The collapse of natural gas prices and subsequent declines in the cost of generating power and increases in the generation at natural gas-fired power plants.



Increased competition from thousands of megawatts (MW) of new wind and, increasingly, solar photovoltaic (“solar PV”) resources due to steep declines in installation prices, improved operating efficiencies and transmission upgrades.



Low energy market prices in the ERCOT (Electric Reliability Council of Texas) deregulated wholesale markets, driven by lower natural gas prices and increased generation from renewable resources.



Sharp reductions in generation from coal-fired plants as their output is displaced by renewable and natural gas-fired capacity. Although coal-fired plants generated 39 percent of the electricity in ERCOT in 2015, they provided only 24.8 percent of the power by May 2016.



New public health and environmental regulations that give owners of coal-fired plants pause on whether to make expensive investments in their aging coal plant(s).

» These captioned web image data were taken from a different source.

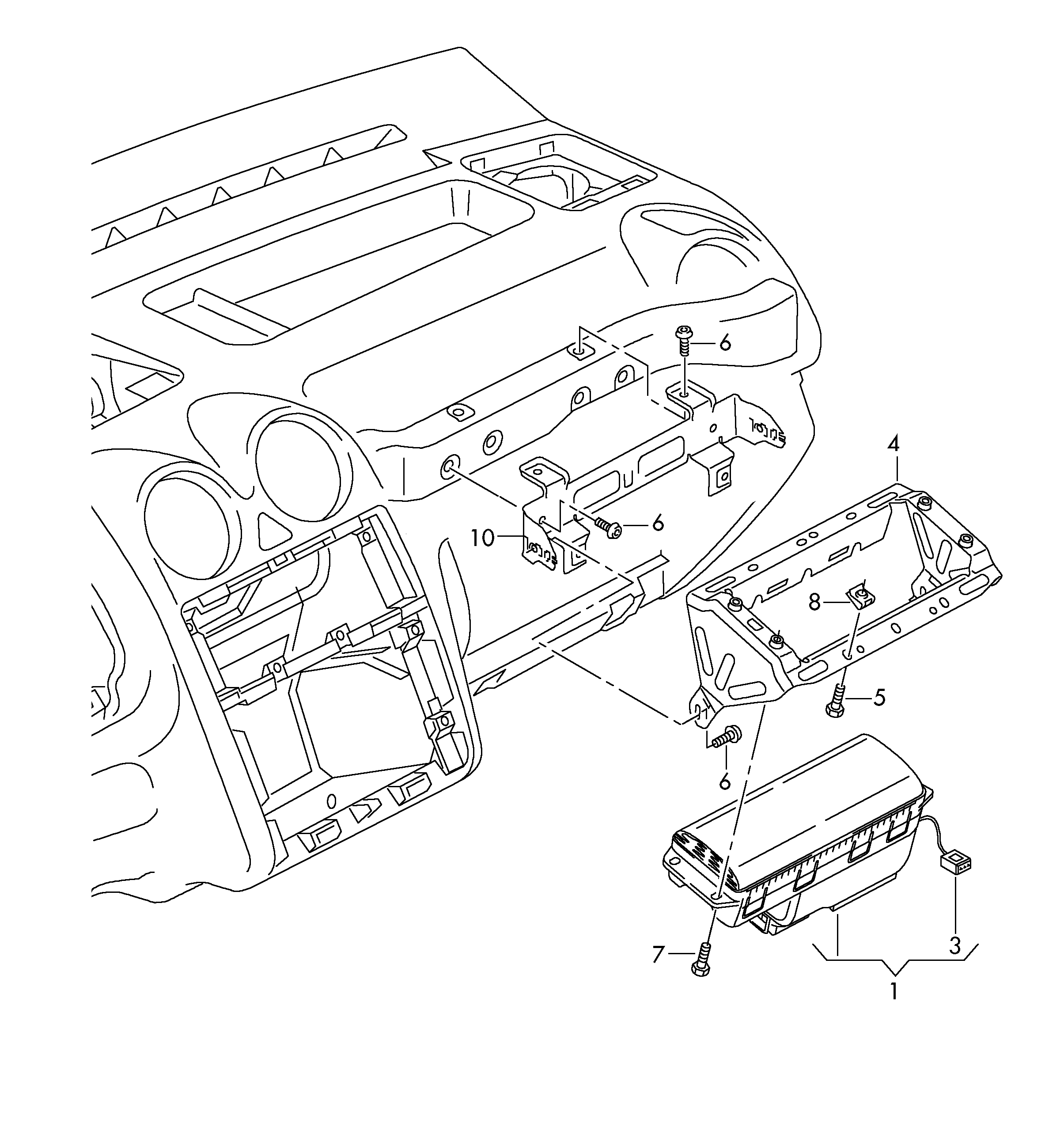 airbag unit; (passenger side) - Caddy(CA)  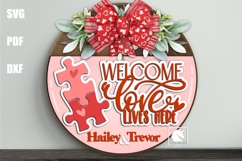Welcome Love Lives Here Sign SVG | Valentine Family Sign SVG Product Image 2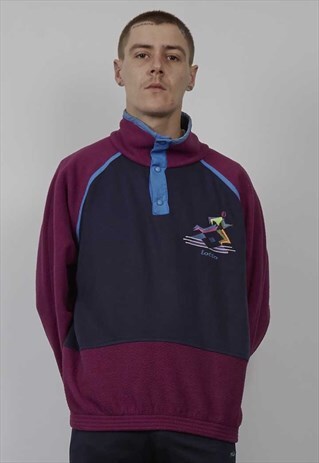 VINTAGE 80'S LOTTO PURPLE/NAVY FLEECE POLO SWEATER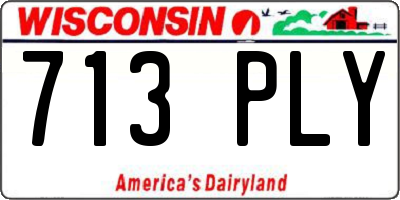 WI license plate 713PLY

These circumstances have combined to undermine the profitability of the companies and public power utilities and power agencies that own coal-fired power plants. The Institute for Energy Economics and Financial Analysis in this report examines the financial viability of seven such plants in Texas. Four are merchant generators—the Big Brown, Martin Lake and Monticello plants owned by EFH’s Luminant subsidiary and the Coleto Creek plant owned by Dynegy. The other three are public power utilities or power agencies—the Fayette Power Project, Gibbons Creek, and J.K. Spruce Unit 1. The 8,100 MW of capacity from these seven plants represents a little more than 40 percent of the total coal-fired capacity in ERCOT. As shown in the figure below, IEEFA has found that none of the units is financially viable, as none can be expected to produce substantial pre-tax earnings for their owners or be economic for ratepayers in coming years. Indeed, all but one of the plants can be expected to produce pre-tax losses for their owners in coming years.

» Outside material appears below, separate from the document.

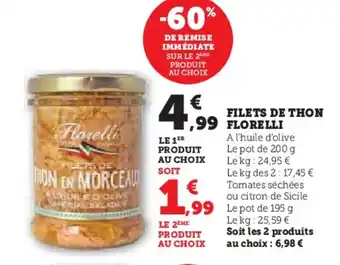 Super U FLORELLI Filets de thon offre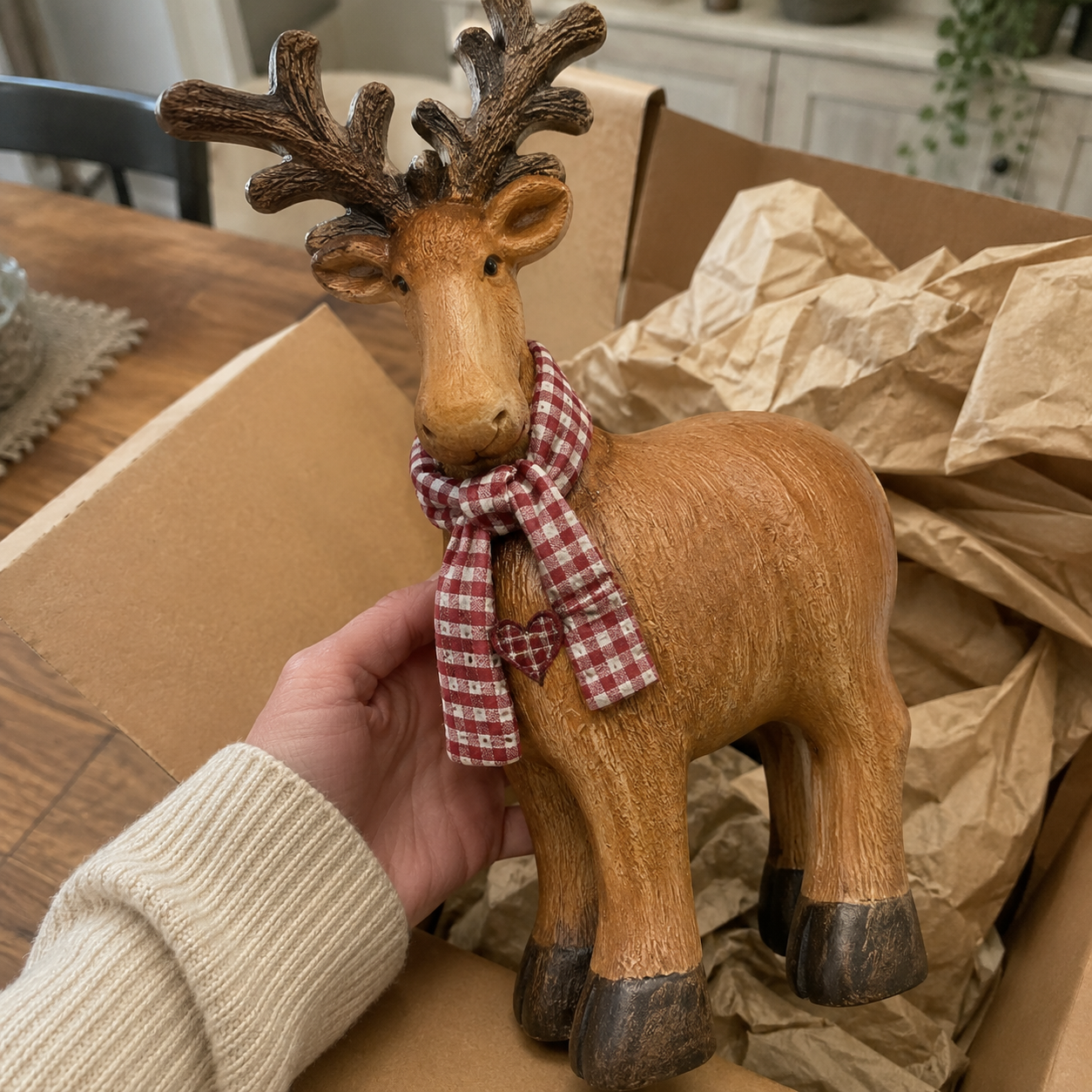 Rustic Farmhouse Reindeer Figurine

Figure ES-1: Profitability of Coal-Fired Generators with IEEFA Base Case Generation and Market Price Assumptions

IEEFA’s analyses includes the following case-by-case findings: 

Continued operation of Luminant’s Monticello and Big Brown plants, will be extremely unprofitable for Luminant (or any owner) whether or not the plants are required to install new scrubbers, and the same is true for Dynegy’s Coleto Creek plant.



Luminant’s Martin Lake plant would produce minimal positive pre-tax earnings during the years 2017-2024 under our base case assumptions, whether or not the plant retrofits its existing scrubbers. The plant would generate net losses for its owner if it produces less energy than we have assumed in our base case or if energy market prices are lower.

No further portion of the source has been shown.